The ‘Rudolph the Red-Nosed Reindeer’ 1964 movie was partly created by Japanese animators
Geek Wire reported that the Christmas special Rudolph the Red-Nosed Reindeer was a smash success when it first aired in 1964, “watched by 55% of television viewers.”
“Subsequently, it became what’s described as the longest-running, highest-rated special in television history,” the publication continued.
While the movie remains a holiday favorite to this day, not many fans know about the Japanese influence on Rudolph.
The production company “Rankin/Bass, as Videocraft International, contracted with Tokyo’s pioneering Tad Mochinaga for the stop-motion ‘Animagic’ animation,” as seen in the TV special.
They sent scripts to Japan, where “an estimated 82 puppet figures were created.” The Rudolph the Red-Nosed Reindeer sets were about eight feet high, and each character stood about eight inches tall — save for the “comparatively huge Abominable Snowmonster.”
Each character in the animated movie has 3 fingers and a thumb — “just enough for them to grasp things,” Arthur Rankin told Geek Wire, but not take up too much time and space.

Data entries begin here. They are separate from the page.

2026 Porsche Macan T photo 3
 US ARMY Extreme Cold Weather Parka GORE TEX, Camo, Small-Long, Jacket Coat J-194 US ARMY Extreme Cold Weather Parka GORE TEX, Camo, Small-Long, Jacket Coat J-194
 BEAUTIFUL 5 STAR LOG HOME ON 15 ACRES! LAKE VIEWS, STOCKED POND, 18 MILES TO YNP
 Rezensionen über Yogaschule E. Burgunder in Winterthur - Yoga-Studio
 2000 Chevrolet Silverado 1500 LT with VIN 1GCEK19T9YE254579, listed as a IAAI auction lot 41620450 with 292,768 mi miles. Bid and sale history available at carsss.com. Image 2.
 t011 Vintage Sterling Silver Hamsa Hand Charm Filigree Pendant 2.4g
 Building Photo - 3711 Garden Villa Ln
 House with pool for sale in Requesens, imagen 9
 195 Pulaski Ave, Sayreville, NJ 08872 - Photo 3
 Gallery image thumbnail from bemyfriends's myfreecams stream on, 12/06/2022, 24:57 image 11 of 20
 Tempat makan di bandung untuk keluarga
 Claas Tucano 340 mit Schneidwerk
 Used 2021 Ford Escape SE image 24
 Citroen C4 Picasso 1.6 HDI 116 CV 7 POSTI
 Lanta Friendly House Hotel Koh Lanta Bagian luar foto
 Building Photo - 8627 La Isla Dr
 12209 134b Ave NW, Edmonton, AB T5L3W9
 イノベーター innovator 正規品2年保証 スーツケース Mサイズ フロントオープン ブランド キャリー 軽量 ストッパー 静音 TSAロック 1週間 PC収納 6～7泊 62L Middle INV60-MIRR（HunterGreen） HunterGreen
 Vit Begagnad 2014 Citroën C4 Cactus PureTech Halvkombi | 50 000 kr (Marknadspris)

However, Rankin also revealed that the animators on Rudolph “were learning on the job.” Those puppets made for the movie “would last about 16 months, tops.”
However, what they did worked for the TV film. As the publication further explained:
Human puppets had mouth shapes drawn on Japanese paper that were pasted on and removed to match dialogue. Rudolph’s head, torso and hooves were carved wood, but his red nose was a custom-made 12V light bulb.
The Christmas movie’s deer characters were inspired by Nara Park
As the Smithsonian Magazine reported on the Rudolph the Red-Nosed Reindeer production, the Japanese animator Mochinaga “directed an elaborate production featuring 22 handmade sets.”
One of his biggest inspirations for the reindeer puppetry in Rudolph came from the city of Nara, Japan. Mochinaga traveled there to see Nara Park, “a deer sanctuary established in 1880 to protect the area’s population of sacred deer.”
Unlike other wild deer, the “Nara deer are uniquely accustomed to humans, boldly approaching visitors to nibble food and mimicking human bowing.”
As the Smithsonian explained, to prepare for making Rudolph, Mochinaga and his assistant “spent two days observing the deer, who roam freely through the sprawling park and interact with visitors.”
The 1964 Rudolph special shows off the cartoonists’ observational skills.
“This attention to detail is visible in the animation itself, which featured rich details such as delicate eyelids crafted from leather and subtle movements,” the publication continued.
Rudolph the Red-Nosed Reindeer is truly an international production, however. While the animation work was done in Japan, “almost all of the audio – including the character voice actors – were products of Canada,” the Smithsonian confirmed.
“Dialogue was recorded in Canada, and songs for the soundtrack with the mostly Canadian cast were reportedly taped in New York on a single day,” the magazine reported.